Lever l’interdit ne fait pas augmenter la consommation de cannabis . Selon les derniers résultats de l’enquête européenne Espad, menée auprès de jeunes de 16 ans en milieu scolaire, en France, 1 jeune sur 4 consomme du cannabis au moins une fois par mois. En Italie ou en Irlande où l’usage du cannabis a été dépénalisé, ils ne sont qu’un jeune sur 10 et leur proportion est en baisse depuis l’étude précédente datant de 2007. Toutes classes d’âge confondues, la consommation de cannabis est en hausse depuis une vingtaine d’années en France alors que sur la même période, le dispositif législatif est devenu de plus en plus strict.

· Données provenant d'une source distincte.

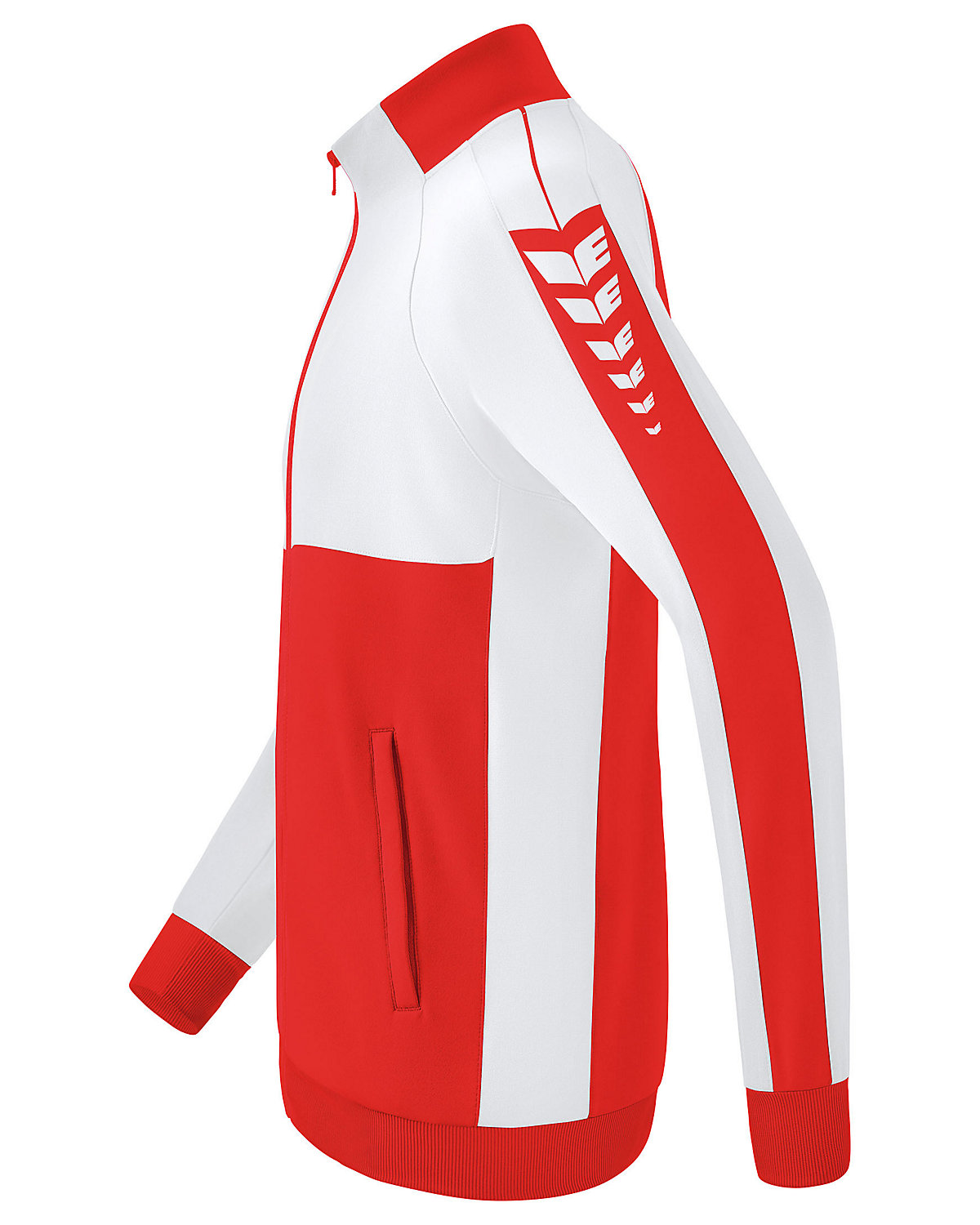 Six Wings zusatz1 Jacke, Trainingsjacke Trainingsjacken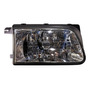 Paq Calaveras S/foco Y Faros Chevrolet Sonora 2000/2006 Depo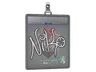 Sticker Slab | NiKo | Antwerp 2022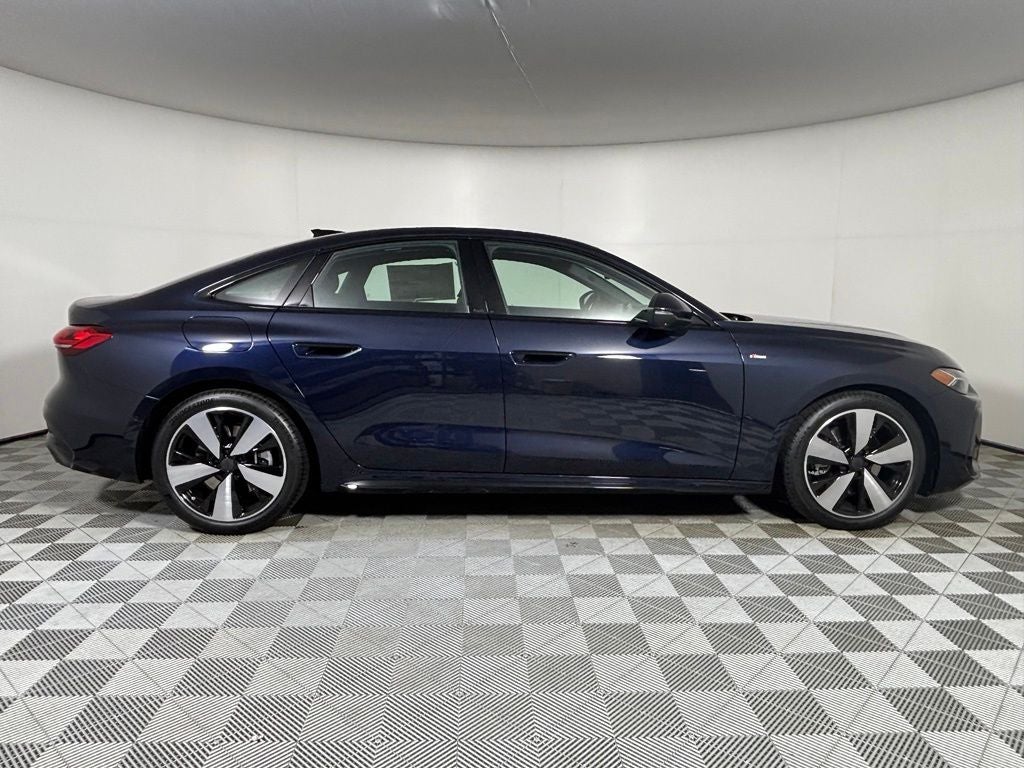 2026 Audi A5 quattro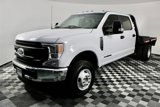 Used 2022 Ford F350 XL w/ Power Equipment Group image 3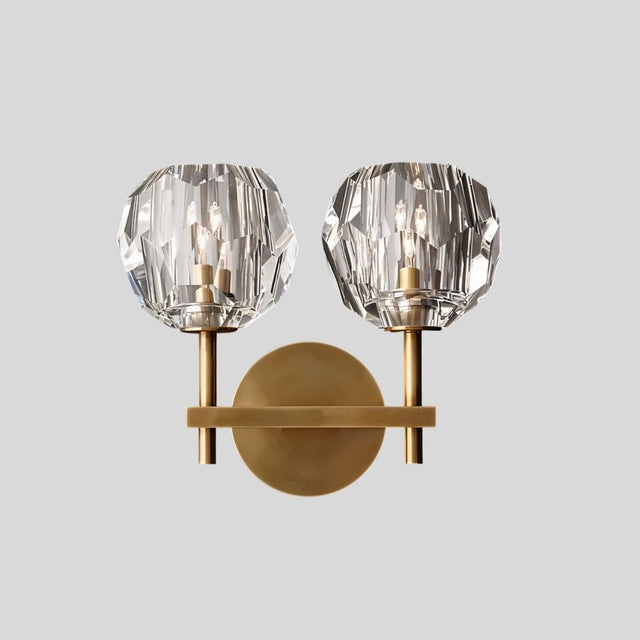 Cheux Wall Lamp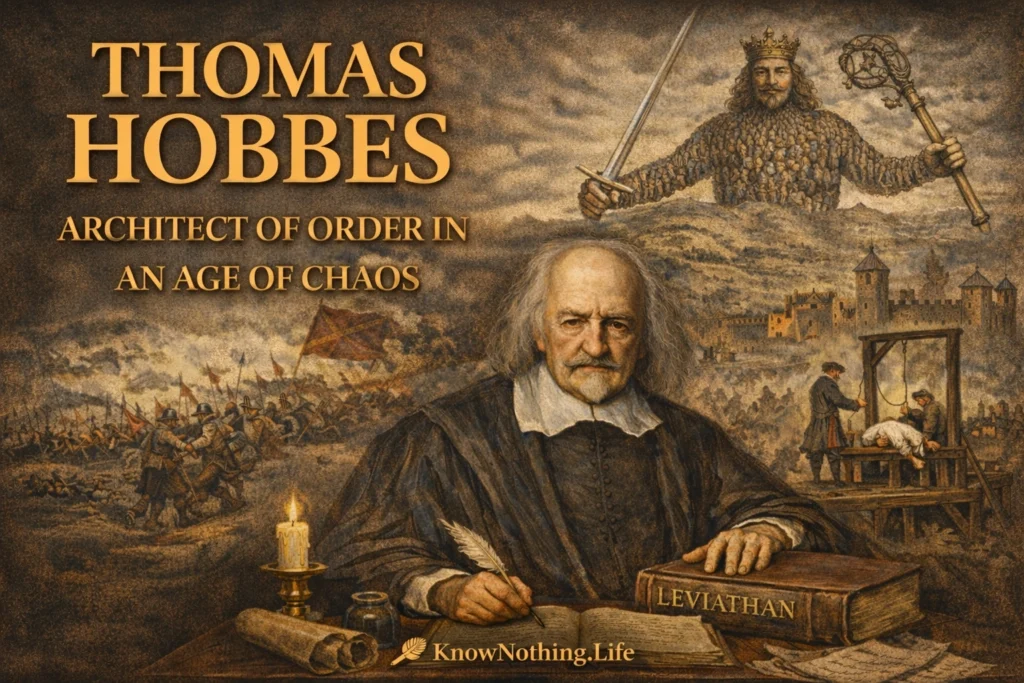 Thomas Hobbes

Légaliser pour mettre fin au trafic ? Reste l’argument avancé notamment par l’ancien ministre de l’Intérieur socialiste, Daniel Vaillant, pour qui légaliser le cannabis sous contrôle permettrait de casser le trafic. « Pour se tourner rapidement vers d’autres drogues rentables » lui rétorquent les tenants de la pénalisation. La Fédération française d’addictologie prône pour l’heure une position « de premier pas » : dépénaliser l’usage privé.

Pr François Paille : « Les gens doivent pouvoir fumer du cannabis chez eux comme ils boivent de l’alcool » 



L’idée d’une suppression de l’incrimination de l’usage privé du cannabis figure dans le livre blanc de l’addictologie française rendu public il y a tout juste un an. Les spécialistes attendent maintenant la réaction du gouvernement à leurs « 100 propositions pour réduire les dommages des addictions en France ».